La commune de Mérignac a rendu hommage aux victimes de la Seconde Guerre mondiale lors de commémorations organisées à l'occasion de la Journée nationale du souvenir de la déportation, le 26 avril. Deux temps forts ont marqué cette journée de recueillement : une cérémonie à la stèle de Pichey, érigée en 1985, suivie d'une autre au monument aux morts de la place Charles-de-Gaulle.
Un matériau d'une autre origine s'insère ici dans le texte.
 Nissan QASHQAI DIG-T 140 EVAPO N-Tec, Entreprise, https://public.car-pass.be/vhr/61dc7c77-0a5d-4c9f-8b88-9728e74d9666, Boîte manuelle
Une cérémonie en présence des autorités
Les manifestations se sont déroulées en présence du maire Thierry Trijoulet, de la députée Marie Recalde, du colonel Yann Lefebvre de la base aérienne 106, ainsi que d'un rabbin qui a prononcé une prière. De nombreux jeunes porte-drapeaux de la classe défense des Eyquems, des élèves du conseil municipal des jeunes et diverses personnalités civiles et militaires ont également participé à ces hommages.
La stèle de Beaudésert, un lieu chargé d'histoire
La stèle de Beaudésert marque l'entrée de l'ancien camp de regroupement ouvert en 1940. Ce lieu, connu sous plusieurs noms (camp de Mérignac, de Beaudésert, Beau Désert ou de Pichey), a vu sa dénomination évoluer dans les documents d'archives selon les périodes et les catégories d'internés. Sa fermeture officielle a été prononcée le 15 mai 1948. Selon les estimations du cabinet du préfet en 1949, environ 8 730 personnes y auraient été internées.
L'appel des noms des fusillés
Au monument aux morts, l'appel du nom des Mérignacais fusillés a permis de rappeler le lourd tribut payé par la commune. Parmi les victimes, la plus jeune n'avait que 3 ans. Cette tradition permet de perpétuer la mémoire de ceux qui ont souffert et de sensibiliser les jeunes générations aux horreurs de la guerre et de la déportation.